Berkali-kali saya menarik baju Mas Fahmi ketika kaget atau ketika merasa laju motor terlalu kencang. Jalanannya bukan aspal, banyak sawah di sepanjang jalan, sepi, dan saya yakin kalau malam sangat gelap, dan saya terharu ketika saya sampai di kontrakan Mas Fahmi. Disana sudah disambut oleh Mas Elyas, teman kantor Mas Fahmi yang juga mengontrak bersama dengan Mas Fahmi. Saya agak takjub Mas Fahmi bisa betah tinggal di tempat seperti ini. Saya kira, Arjasa rumah saya sudah sangat desa, ternyata masih ada yang lebih desa dari Arjasa. Hahaha.
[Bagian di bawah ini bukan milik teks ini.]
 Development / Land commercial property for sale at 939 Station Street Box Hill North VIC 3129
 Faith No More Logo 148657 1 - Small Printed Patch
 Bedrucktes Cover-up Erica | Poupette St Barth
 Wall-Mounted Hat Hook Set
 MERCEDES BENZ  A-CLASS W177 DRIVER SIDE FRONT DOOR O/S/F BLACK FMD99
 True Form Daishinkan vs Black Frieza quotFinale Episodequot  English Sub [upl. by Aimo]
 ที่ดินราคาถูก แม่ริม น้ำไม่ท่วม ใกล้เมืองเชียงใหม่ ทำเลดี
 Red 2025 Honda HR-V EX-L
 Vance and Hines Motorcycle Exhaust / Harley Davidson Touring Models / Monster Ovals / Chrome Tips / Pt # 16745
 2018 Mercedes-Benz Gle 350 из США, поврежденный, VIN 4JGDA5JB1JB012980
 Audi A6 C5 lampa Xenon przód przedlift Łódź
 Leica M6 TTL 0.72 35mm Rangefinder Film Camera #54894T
Perumahan tempat Mas Fahmi tinggal dikelilingi oleh sawah, dimana penerangan masih minim, dan3 hal yang saya khawatirkan jika tinggal disana adalah hantu, hewan liar, dan perampok.
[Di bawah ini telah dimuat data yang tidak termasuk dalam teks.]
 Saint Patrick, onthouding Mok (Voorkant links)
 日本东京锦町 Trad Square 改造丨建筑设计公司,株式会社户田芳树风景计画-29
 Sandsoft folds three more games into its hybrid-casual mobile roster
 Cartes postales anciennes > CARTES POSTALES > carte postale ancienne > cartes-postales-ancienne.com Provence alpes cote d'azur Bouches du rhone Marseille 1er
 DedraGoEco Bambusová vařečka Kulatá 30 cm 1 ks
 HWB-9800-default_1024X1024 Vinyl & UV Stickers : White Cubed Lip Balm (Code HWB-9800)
Tempat foto-able di Kota Lama

Kota Lama

Saya meletakkan dan menata barang-barang saya di kamar Mas Fahmi. Untuk laki-laki kamarnya sangat bersih, jika di bandingkan dengan kamar kakak saya dirumah. Bergegas saya mandi, sholat, dan saya lapar (lagi). Terimakasih Tuhan, sepertinya Mas Fahmi ini begitu sabar menghadapi perut saya, dia pasrah mengantarkan saya untuk makan di daerah Pasar desa tersebut, sekitar 1 km dari kontrakan Mas Fahmi. Saya makan dengan lahap sendirian, karena Mas Fahmi masih kenyang dengan bakso yang tadi sore. Haduh, padahal bakso bukan nasi. Selepas makan, Mas Fahmi mengantar saya untuk menginap dirumah teman kerjanya. Seorang perempuan bernama Rahma Agustin. Rumah Mbak Atin itu berjarak 100 meter saja dari kontrakan Mas Fahmi. Sesampainya dirumah Mbak Atin, seperti biasa mulut Mas Fahmi yang agak urakan itu berulah “Tin, titip dulu ya. Kalo rewel suruh tidur luar aja”.
Malam itu saya tertidur pulas dengan kipas angin yang menyala keras karena udara sangat panas disana. Saya lupa bermimpi apa, saya hanya berharap kebiasaan saya tertidur sambil teriak-teriak dan jalan tidak kambuh di rumah orang.